Emerging Trend: State Budgets and Medicaid Funding

As Medicaid programs begin to budget and plan for the end of the COVID-19 public health emergency (PHE), states need to navigate multiple moving parts — including redetermining Medicaid program eligibility for all Medicaid beneficiaries.

Many individuals will continue to be enrolled in the Medicaid program after the PHE, but a significant portion is at risk of losing their eligibility during their state’s redetermination period. This could create a significant shift in coverage, and many states are beginning to plan how they will transition these individuals into other types of coverage. The Health Insurance Marketplace (also known as Exchange) will be an important piece of this transition. States are actively considering how to work with their managed care organizations to facilitate the transition of coverage.

States begin to consider Medicaid eligibility redeterminations

In August 2021, the Biden Administration released processing, eligibility and redetermination guidance for states, which established that states have up to 12 months after the PHE ends to complete their redetermination process and remove individuals from enrollment who are no longer eligible. As a result, we anticipate some states will use the full 12-month timeframe and keep people covered under Medicaid for as long as possible, while others will quickly process redeterminations given the looming end of the enhanced federal medical assistance percentage (FMAP) and the corresponding budgetary impact.

While we still do not know when the PHE will end, the administration’s guidance established that they intend to extend it, at a minimum, through the end of 2021. Given the continued spread of the Delta variant and rise in infection rates, hospitalizations and deaths, it remains unclear how long, or how far beyond 2021, the administration plans to extend the PHE.

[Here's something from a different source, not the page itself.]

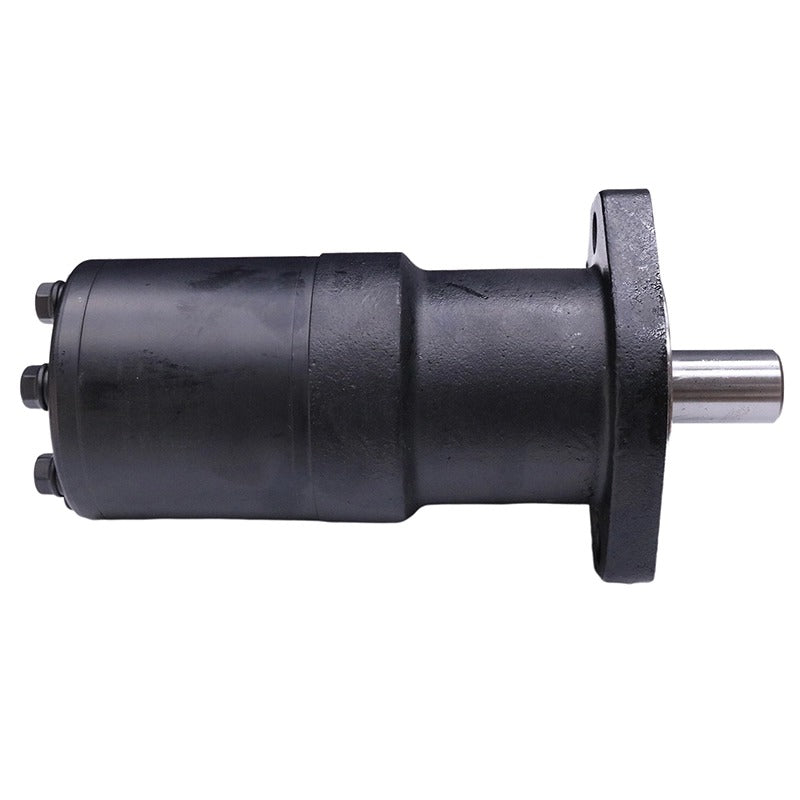 Replacement DH400 Hydraulic Motor 151-2089 fit for Sauer Danfoss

The administration also announced that it will give states notice in advance of the PHE ending to help with redetermination preparations and for the shift in enrollment. Following the PHE, states will have four months to resume their standard application processing timelines. This new guidance should allow states the time they need to process determinations at an appropriate rate based on their unique needs and dynamics. This additional flexibility, coupled by the enhanced consumer protections, will also likely result in a more gradual adjustment period as we move out of the PHE.

COVID-19 implications make it difficult for states to budget

State Medicaid programs, and the staff and teams that support them, were heavily impacted by the pandemic — and the uncertainty of when the PHE will end has made it challenging for states to budget for 2022 and 2023. While states received enhanced funding through the FMAP during the PHE, they also experienced a huge growth in their Medicaid program due to maintenance of eligibility (MOE) requirements, which created new demands and pressure. With multiple waivers and flexibilities built into their Medicaid programs, changes in utilization patterns, a backlog in the number of eligibility determinations that need to be processed, and new ways to access services, states now face multiple considerations as they anticipate a large shift in enrollment numbers.

States will also have to account for implications of the PHE when budgeting for the future of public programs like Medicaid. We don’t know the long-term challenges of caring for people who contracted COVID-19 or long-term COVID (Post-Acute Sequelae of SARS CoV-2 infection, PASC), the financial implications of administering the COVID-19 vaccine, or how many doses an individual will need to receive to stay healthy. While certain adaptions like telehealth have created ways to deliver more cost-effective care, it will likely take 3 to 5 years of data to determine the true impact of the pandemic on health care costs. Pent-up demand for care will resurface when the PHE is lifted and deferred care likely means an uptick in later-stage diagnosis, resulting in poorer outcomes and greater treatment costs.

High Medicaid enrollment creates opportunity to improve population health

Because states have such a large portion of their potentially eligible population covered at this time, it has created an opportunity to promote well-child visits and immunizations — especially now that so many families have missed or delayed appointments because of COVID-19. Providing this critical care now could help with care capacity and program budgeting in the future. More importantly, getting individuals and families back into regular routine preventative care patterns supports the necessary identification and treatment that improve outcomes.

States should also be thinking about how their quality programs have been impacted by the PHE, and how much will need to be adjusted moving forward to meet their metrics. Some states have already done this by adjusting their quality programs to reflect the burden to providers and the changes in ability for individuals to receive care in person.

By preparing now for these upcoming changes, states can create plans that will align with the needs of their communities while ensuring that coverage and care are sustainable for all.